The shipping industry is unprepared for any serious or lengthy cyber attack. Shipowners, operators and managers may feel they are ready for malware infections on their ships because they employ antivirus software. But they would not be prepared for a well thought out attack from a relentless hacker.
Delegates at the Maritime Cyber Risk Management Summit said they did not think the shipping industry understood the extent of the threats it could face. Around three-quarters of delegates agreed that the industry was not prepared for a comprehensive cyber attack. They voted during an interactive session where PA Consulting security expert Andrew Wadsworth went through the five stages of a cyber attack. Although some delegates felt an intrusion could be contained, the deeper the violation went, the harder they felt this would be.

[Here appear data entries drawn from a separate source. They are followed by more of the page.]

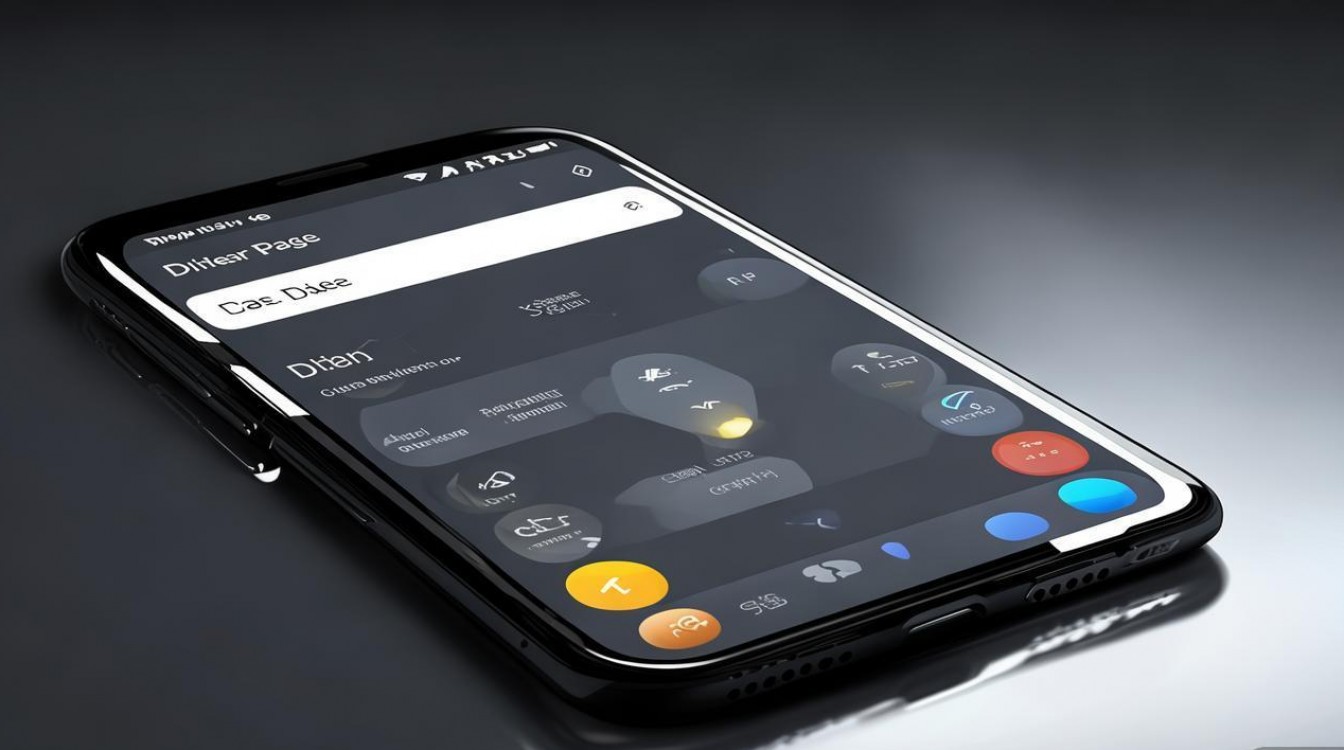 oppo拨号页面怎么改？自定义界面教程步骤分享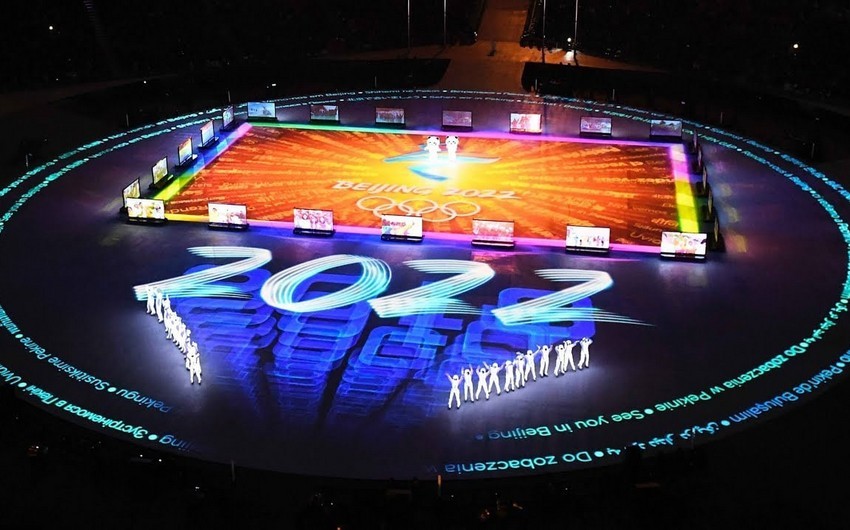 Pekin-2022: Olimpiya kəndində ağıllı çarpayılar quraşdırılacaq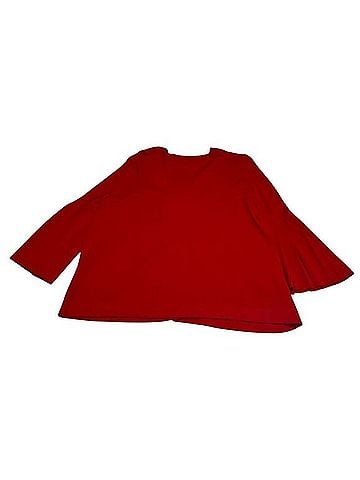 Jones New York Collection Cardigan (view 2)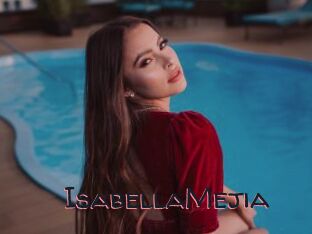 IsabellaMejia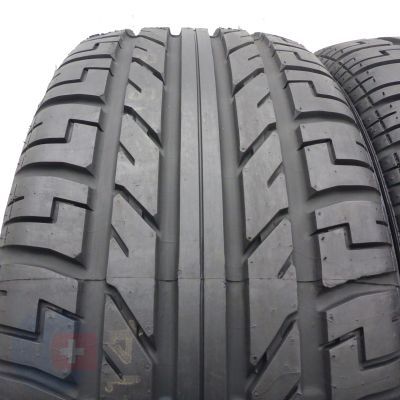 3. 225 40 18 2x PIRELLI 225/40 R18 88Y PZero Direzionale Sommerreifen 2017 UNGEBRAUCHT
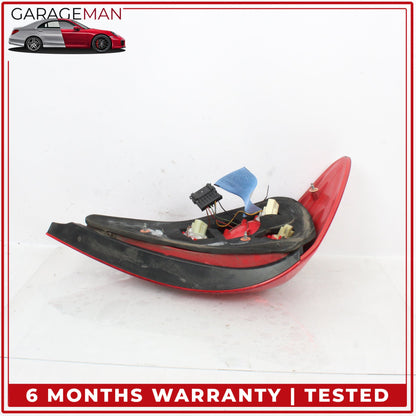 2003-2012 Mercedes R230 SL550 Rear Right Passenger Side Tail Light Lamp OEM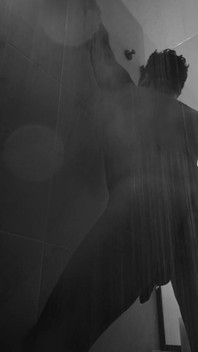 Cinematic Anal Exploration by Married Man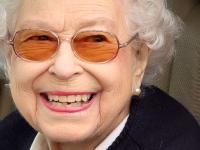 Queen Elizabeth, 96, journal of wildculture.com 2022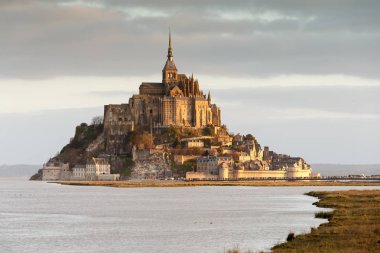 Saint mount Michel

It was eye-opening to consider how a strong-willed hacker could infiltrate a shipping company in order to reach their objective – to command some aspect of a ship system or onboard equipment. Mr Wadsworth said the first stage of an attack is gathering information on the company and who works within it. Hackers learn the vulnerabilities and begin to get a general picture of where to focus an infiltration.
The second stage is targeting individuals to engineer a benign route into a company’s network. The third stage uses this initial approach to install malware on a company’s network that can capture IP addresses, user names and passwords, and get through company firewalls. The fourth stage is where the hacker can begin to do serious damage to a shipping company’s network. But if the ultimate goal is to penetrate further than this, then the hacker can retrieve more user information and credentials ready for the final assault.

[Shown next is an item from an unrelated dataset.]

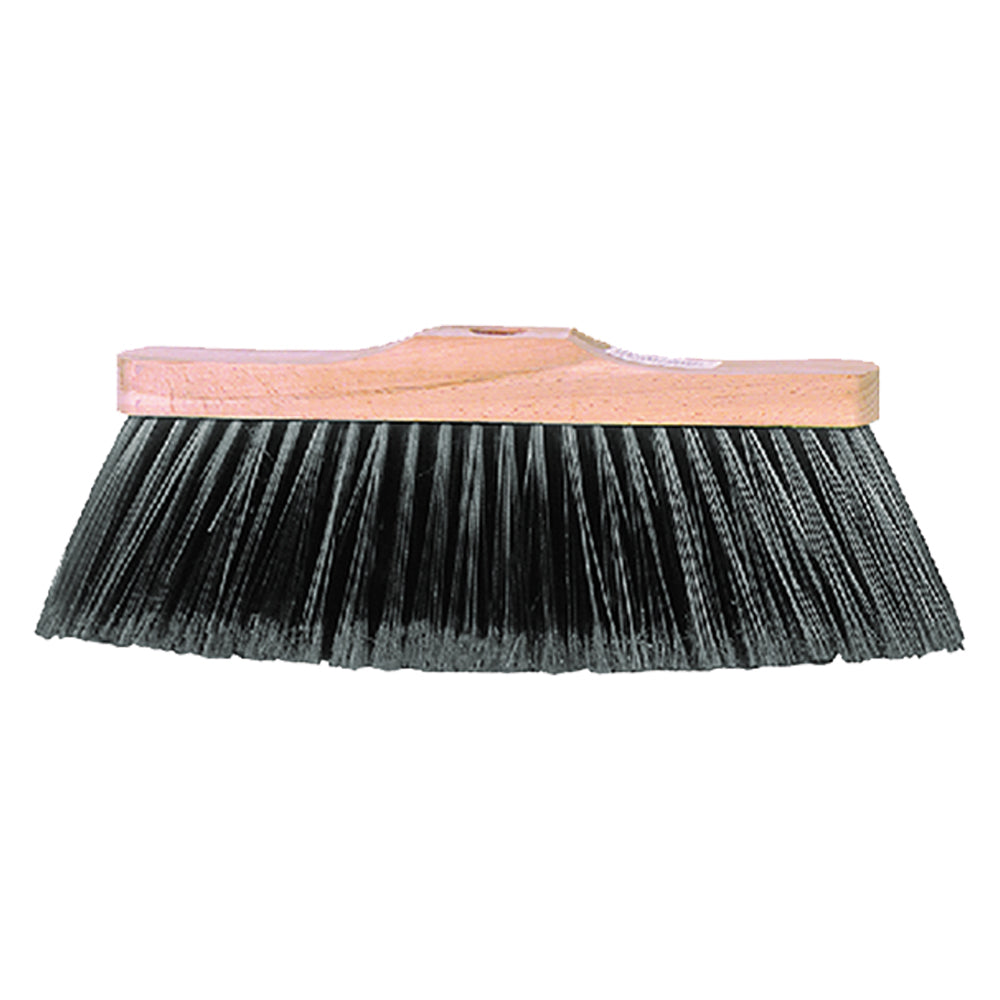 INDUSTRIEBESEN 28 cm – gefedert
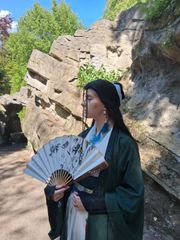 Shen Qingqiu preview 3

This fifth stage could involve targeting a ship’s network, over the firewalls, without any impediment as the move comes from within the company’s network. Once on the ship network, the hacker could access navigation, automation or dynamic positioning systems.
If this seems unlikely or exaggerated – think again! In an actual case in the second half of 2015, a hacker reached the control systems of a remotely operated vehicle (ROV) on an offshore support vessel. The hacker was able to send a command to the ROV, telling it to ignore any other commands from the onboard controllers. The ROV stopped working and sank to the sea bed, resulting in a US$500,000 salvage operation. The vessel owner had not detected any intrusion and was not prepared for the aftermath. Apparently, the company is not alone in this as the majority of shipping companies would be unaware of any hacking of this nature.